What the exercise asks: Please take the records that follow and repeat exactly the lines starting with the line with "美容化妆培训海报cdr矢量模版下载" and going on through the line with "贴合平台用户习惯，在线全自动下单落地哔哩三连提升视频综合评分".

Exercise data:
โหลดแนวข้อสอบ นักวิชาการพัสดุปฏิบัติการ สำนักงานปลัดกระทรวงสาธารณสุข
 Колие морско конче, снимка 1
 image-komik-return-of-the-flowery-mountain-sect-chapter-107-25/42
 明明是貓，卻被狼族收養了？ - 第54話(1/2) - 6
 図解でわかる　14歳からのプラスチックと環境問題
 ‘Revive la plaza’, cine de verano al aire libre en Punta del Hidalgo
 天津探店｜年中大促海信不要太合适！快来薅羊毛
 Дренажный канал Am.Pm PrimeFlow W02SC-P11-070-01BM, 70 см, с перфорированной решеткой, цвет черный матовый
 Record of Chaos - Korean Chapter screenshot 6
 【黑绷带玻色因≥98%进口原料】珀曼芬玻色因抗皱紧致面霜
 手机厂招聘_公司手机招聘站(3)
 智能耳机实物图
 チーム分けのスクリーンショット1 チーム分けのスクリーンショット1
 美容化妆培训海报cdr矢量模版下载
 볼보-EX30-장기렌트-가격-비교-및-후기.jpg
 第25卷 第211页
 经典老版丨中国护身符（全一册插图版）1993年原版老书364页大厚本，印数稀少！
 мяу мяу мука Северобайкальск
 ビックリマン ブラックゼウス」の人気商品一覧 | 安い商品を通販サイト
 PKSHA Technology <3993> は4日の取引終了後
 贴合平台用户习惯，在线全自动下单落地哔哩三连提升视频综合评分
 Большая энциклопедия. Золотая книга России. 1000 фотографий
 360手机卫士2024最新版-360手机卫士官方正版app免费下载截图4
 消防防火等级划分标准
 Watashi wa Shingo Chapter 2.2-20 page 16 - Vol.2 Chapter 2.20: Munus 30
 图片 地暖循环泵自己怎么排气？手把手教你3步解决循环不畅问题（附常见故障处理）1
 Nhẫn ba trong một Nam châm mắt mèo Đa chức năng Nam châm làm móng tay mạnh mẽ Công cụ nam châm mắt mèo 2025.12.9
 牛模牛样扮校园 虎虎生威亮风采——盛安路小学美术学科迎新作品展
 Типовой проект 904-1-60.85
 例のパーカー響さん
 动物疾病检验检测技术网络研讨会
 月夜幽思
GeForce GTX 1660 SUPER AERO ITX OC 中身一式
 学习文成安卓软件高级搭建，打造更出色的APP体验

Exercise solution:
 美容化妆培训海报cdr矢量模版下载
 볼보-EX30-장기렌트-가격-비교-및-후기.jpg
 第25卷 第211页
 经典老版丨中国护身符（全一册插图版）1993年原版老书364页大厚本，印数稀少！
 мяу мяу мука Северобайкальск
 ビックリマン ブラックゼウス」の人気商品一覧 | 安い商品を通販サイト
 PKSHA Technology <3993> は4日の取引終了後
 贴合平台用户习惯，在线全自动下单落地哔哩三连提升视频综合评分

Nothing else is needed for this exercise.